• Task prompt:
Below are the entries. Transcribe exactly the lines from the one with "Chaturbate Live Sex of _xxhavefunwithme69_" through the one with "Luxury hotel only: Hilton Columbus At Easton", ends included, and leave out all others.

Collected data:
********

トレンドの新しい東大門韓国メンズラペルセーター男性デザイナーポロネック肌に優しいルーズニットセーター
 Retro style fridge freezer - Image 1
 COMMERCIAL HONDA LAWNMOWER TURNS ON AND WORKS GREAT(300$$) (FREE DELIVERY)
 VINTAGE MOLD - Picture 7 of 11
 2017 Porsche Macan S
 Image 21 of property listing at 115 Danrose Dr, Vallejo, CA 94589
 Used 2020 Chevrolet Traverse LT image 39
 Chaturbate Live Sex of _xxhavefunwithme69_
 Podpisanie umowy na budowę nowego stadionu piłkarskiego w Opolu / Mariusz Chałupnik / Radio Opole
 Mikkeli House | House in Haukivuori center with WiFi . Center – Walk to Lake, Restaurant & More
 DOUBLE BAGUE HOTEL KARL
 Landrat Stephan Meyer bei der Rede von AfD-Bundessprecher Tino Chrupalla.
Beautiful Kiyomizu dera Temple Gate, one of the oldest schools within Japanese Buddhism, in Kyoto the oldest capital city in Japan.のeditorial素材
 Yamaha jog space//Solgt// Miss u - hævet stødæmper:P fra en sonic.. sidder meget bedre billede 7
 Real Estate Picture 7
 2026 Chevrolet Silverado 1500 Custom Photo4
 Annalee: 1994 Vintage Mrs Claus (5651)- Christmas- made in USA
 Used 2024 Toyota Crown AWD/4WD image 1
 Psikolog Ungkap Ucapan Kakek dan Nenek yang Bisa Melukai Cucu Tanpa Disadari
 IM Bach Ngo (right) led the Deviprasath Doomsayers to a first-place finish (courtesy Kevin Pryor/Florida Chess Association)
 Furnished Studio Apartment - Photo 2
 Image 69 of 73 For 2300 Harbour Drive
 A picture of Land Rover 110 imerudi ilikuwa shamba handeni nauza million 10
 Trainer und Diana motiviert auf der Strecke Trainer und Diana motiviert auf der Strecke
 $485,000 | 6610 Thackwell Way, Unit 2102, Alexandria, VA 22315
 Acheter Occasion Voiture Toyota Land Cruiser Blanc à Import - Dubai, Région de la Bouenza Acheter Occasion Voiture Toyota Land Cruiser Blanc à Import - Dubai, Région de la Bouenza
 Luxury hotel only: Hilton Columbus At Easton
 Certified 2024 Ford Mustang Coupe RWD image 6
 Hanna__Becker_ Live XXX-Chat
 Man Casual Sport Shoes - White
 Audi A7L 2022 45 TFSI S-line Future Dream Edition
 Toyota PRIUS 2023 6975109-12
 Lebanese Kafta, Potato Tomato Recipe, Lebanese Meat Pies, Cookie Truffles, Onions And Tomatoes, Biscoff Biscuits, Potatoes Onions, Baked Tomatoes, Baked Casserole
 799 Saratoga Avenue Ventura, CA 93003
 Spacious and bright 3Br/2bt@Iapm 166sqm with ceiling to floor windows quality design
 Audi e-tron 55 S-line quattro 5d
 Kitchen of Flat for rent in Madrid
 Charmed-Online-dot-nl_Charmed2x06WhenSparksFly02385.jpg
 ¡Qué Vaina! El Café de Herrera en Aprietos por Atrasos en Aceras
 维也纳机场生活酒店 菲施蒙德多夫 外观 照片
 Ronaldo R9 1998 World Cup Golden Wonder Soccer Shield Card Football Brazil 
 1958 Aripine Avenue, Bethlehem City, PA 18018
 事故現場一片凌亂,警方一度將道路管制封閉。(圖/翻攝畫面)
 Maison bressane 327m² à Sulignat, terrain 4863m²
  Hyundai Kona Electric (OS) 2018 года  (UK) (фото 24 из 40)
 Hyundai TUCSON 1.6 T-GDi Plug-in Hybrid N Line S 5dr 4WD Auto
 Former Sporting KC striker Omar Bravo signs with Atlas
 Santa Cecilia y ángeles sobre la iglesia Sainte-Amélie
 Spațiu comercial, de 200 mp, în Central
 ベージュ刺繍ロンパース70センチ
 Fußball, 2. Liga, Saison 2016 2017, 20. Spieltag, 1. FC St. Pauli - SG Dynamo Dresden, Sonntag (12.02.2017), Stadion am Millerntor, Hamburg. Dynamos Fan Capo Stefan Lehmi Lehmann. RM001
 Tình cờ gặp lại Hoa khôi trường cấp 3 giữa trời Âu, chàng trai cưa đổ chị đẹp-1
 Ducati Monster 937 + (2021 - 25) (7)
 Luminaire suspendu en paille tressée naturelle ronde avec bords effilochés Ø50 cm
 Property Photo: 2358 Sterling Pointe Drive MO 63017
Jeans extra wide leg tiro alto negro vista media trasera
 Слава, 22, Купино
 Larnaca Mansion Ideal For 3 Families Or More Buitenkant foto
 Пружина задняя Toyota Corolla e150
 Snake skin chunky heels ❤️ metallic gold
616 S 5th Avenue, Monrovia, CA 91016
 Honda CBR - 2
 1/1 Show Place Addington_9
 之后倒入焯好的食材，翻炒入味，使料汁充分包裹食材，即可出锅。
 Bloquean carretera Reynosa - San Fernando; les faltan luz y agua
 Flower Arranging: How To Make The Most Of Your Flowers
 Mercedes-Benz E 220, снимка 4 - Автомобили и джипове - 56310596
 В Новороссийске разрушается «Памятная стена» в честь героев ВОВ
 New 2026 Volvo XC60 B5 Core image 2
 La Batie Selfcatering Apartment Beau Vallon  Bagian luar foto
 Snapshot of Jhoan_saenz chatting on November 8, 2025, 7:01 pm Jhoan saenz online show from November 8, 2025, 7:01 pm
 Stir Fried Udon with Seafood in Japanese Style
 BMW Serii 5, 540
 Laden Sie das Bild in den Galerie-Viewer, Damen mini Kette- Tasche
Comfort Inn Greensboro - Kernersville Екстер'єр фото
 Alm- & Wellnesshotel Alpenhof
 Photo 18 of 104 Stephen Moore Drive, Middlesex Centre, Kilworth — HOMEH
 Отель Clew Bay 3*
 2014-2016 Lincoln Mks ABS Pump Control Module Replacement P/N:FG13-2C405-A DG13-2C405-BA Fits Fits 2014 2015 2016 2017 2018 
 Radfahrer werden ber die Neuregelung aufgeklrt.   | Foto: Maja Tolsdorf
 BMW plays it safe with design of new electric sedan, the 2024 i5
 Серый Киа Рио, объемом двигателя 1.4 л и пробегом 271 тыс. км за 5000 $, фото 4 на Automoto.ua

********

• Response to the task:
 Chaturbate Live Sex of _xxhavefunwithme69_
 Podpisanie umowy na budowę nowego stadionu piłkarskiego w Opolu / Mariusz Chałupnik / Radio Opole
 Mikkeli House | House in Haukivuori center with WiFi . Center – Walk to Lake, Restaurant & More
 DOUBLE BAGUE HOTEL KARL
 Landrat Stephan Meyer bei der Rede von AfD-Bundessprecher Tino Chrupalla.
Beautiful Kiyomizu dera Temple Gate, one of the oldest schools within Japanese Buddhism, in Kyoto the oldest capital city in Japan.のeditorial素材
 Yamaha jog space//Solgt// Miss u - hævet stødæmper:P fra en sonic.. sidder meget bedre billede 7
 Real Estate Picture 7
 2026 Chevrolet Silverado 1500 Custom Photo4
 Annalee: 1994 Vintage Mrs Claus (5651)- Christmas- made in USA
 Used 2024 Toyota Crown AWD/4WD image 1
 Psikolog Ungkap Ucapan Kakek dan Nenek yang Bisa Melukai Cucu Tanpa Disadari
 IM Bach Ngo (right) led the Deviprasath Doomsayers to a first-place finish (courtesy Kevin Pryor/Florida Chess Association)
 Furnished Studio Apartment - Photo 2
 Image 69 of 73 For 2300 Harbour Drive
 A picture of Land Rover 110 imerudi ilikuwa shamba handeni nauza million 10
 Trainer und Diana motiviert auf der Strecke Trainer und Diana motiviert auf der Strecke
 $485,000 | 6610 Thackwell Way, Unit 2102, Alexandria, VA 22315
 Acheter Occasion Voiture Toyota Land Cruiser Blanc à Import - Dubai, Région de la Bouenza Acheter Occasion Voiture Toyota Land Cruiser Blanc à Import - Dubai, Région de la Bouenza
 Luxury hotel only: Hilton Columbus At Easton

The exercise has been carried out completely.